Introducing A New Cat To Your Other Pets
9 January, 2012
When you first adopt or bring your new kitten or cat home, there is always a chance that this new feline friend is not your only pet. You might have to introduce your pet to another cat or dog. While this can be a traumatic experience for some pets, most can and will adapt to the situation quickly. The key is patience.
IT CAN TAKE TIME
In most cases, you can simply introduce your cat to the other pets and let them work it out on their own. If your pets are happy and everyone seems to be getting along, then you are good to go. However, sometimes the transition can be a long process that you will have to work through.

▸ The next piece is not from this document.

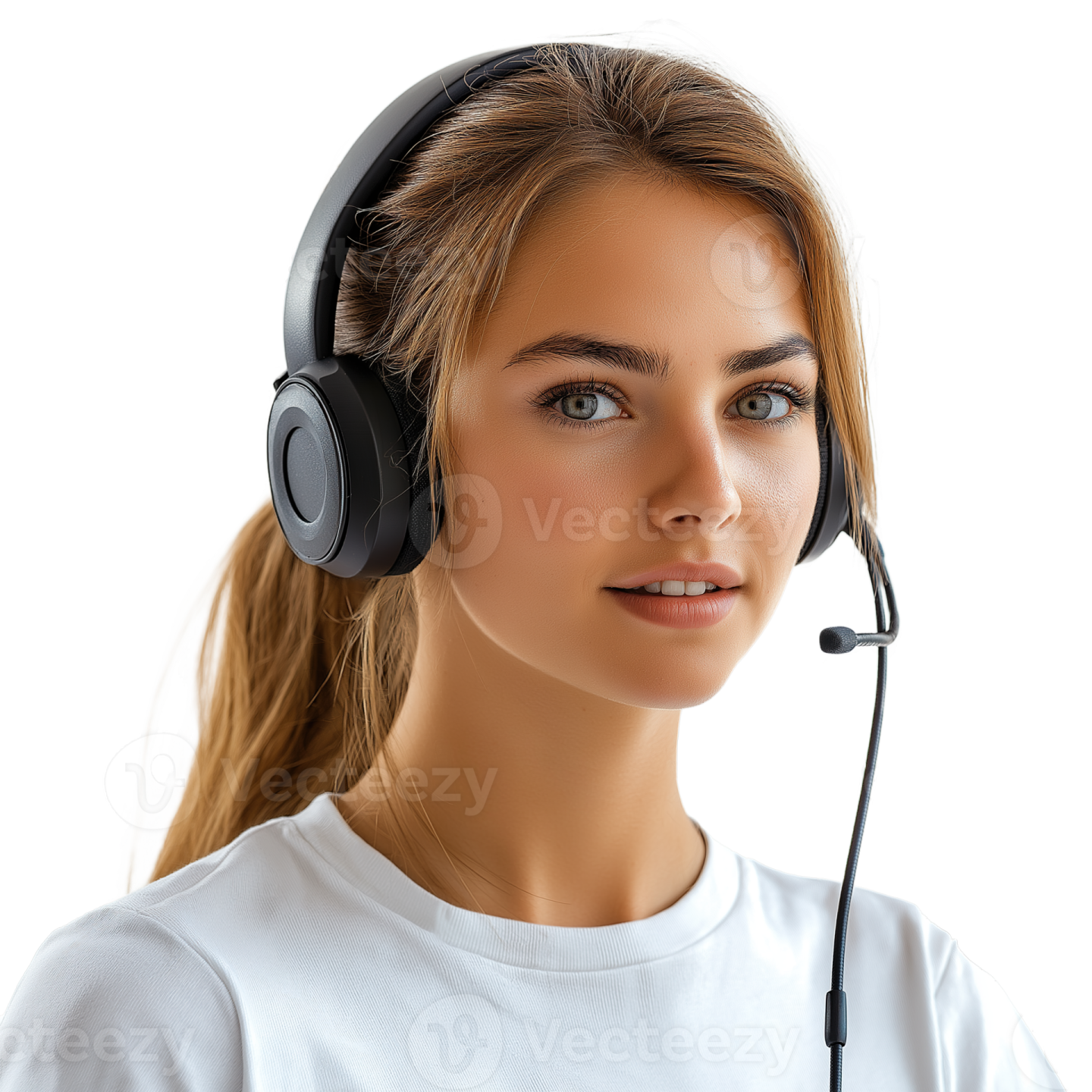 a woman wearing a headset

It might take several weeks to a month to achieve desired results; it might happen overnight. Whatever it takes, do not give up and don’t lose your temper. The transition generally will depend on the temperament and ages of the animals involved.

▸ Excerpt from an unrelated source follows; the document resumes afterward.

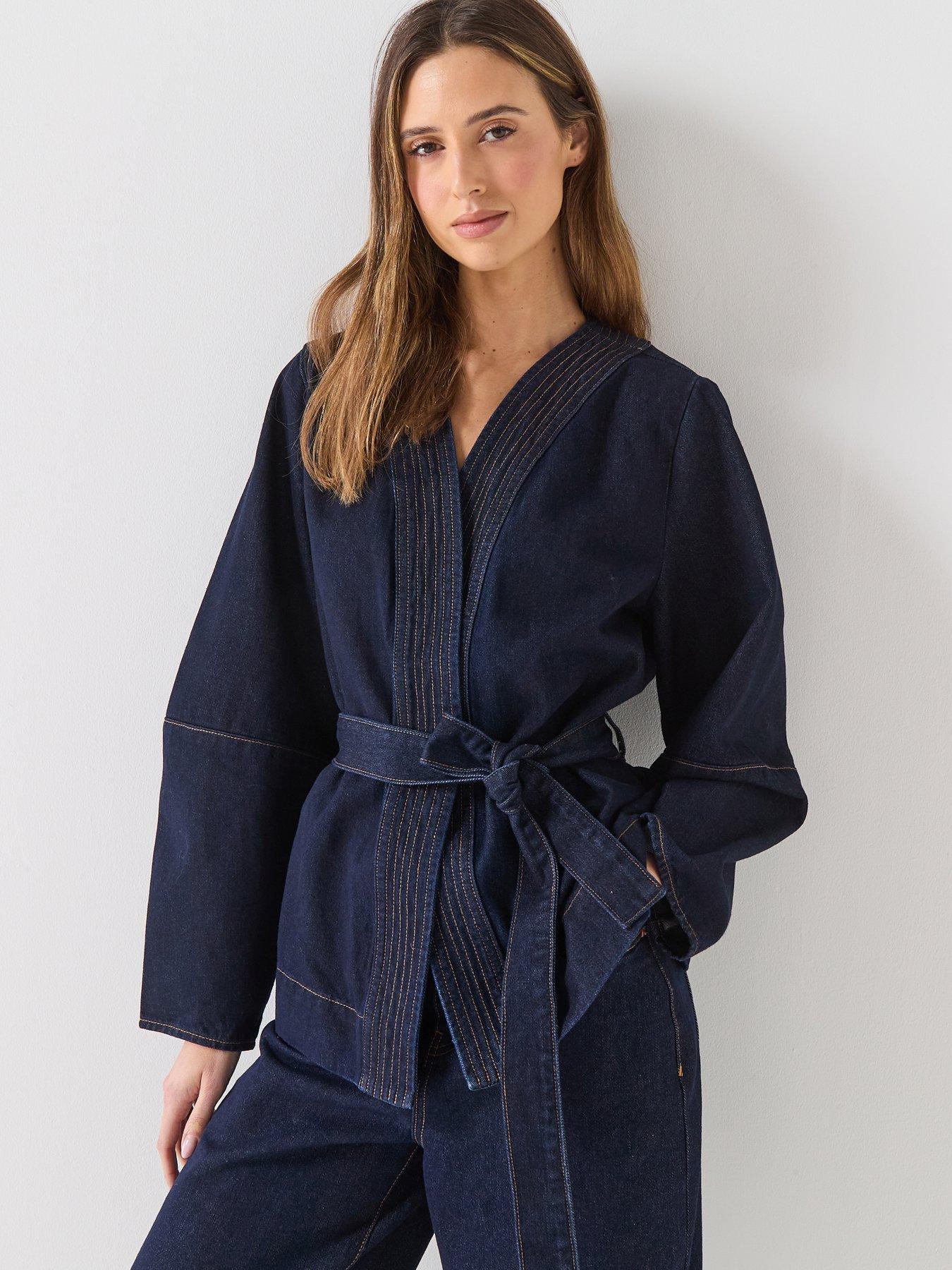 AWARE Awsakura Long Sleeve Belt Wrap Denim Shirt - Blue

I think we will be good friends!
If the above does not work, I recommend the following:
PLACE THE NEW CAT IN A SEPARATE ROOM
Put the cat in its own room, where the original pet can smell it, but not see it. After a day or so, remove the cat from the room and let the original pet smell and explore the room thoroughly. Then, put the cat back in the other room. Depending on the reactions involved, let the cat out and meet the original pet under supervision. If there is some hostility, separate them while you are gone until you are certain that they get along. It is best if you can arrange a place for each animal that is his or her own.
SUPERVISE THE PETS
You can modify the length of time and amount of supervision as you see how the pets react. Some forms of cat playing can appear hostile but are not. Look at the ears for a clue (standing up or forward when grappling is trouble, flat back when standing and staring is also trouble). If the fighting immediately stops when one yelps or squeaks, they’re OK.
TAKES MORE TIME WITH AN OLDER PET
Introducing a kitten (or even cat) into a household with an elderly animal already present can be stressful to the older animal. The best way to handle this is to make sure the older animal does not feel threatened by the newcomer. Make sure to give a lot of attention to the older animal, not the new kitten. Again, it is important for the older animal to have a cozy place to retreat to, and an undisturbed time to eat and relieve itself.
INTRODUCING A CAT TO A PUPPY
If your other pet happens to be a puppy, the cat will view the dog as a nuisance for some time, but will eventually learn to ignore or even to play with it. Soon enough, the kitten will be able to get up out of the dog’s reach when it wants to be left alone. Providing the cat with a place the puppy can’t get to is always helpful. This can be done by placing a childproof fence in the door of a room high enough for the cat to get under but not for the dog. Make sure to trim the cat’s claws to minimize damage to the puppy’s nose or face.
I hope these tips help. With patience and time, you will have one big happy pet family.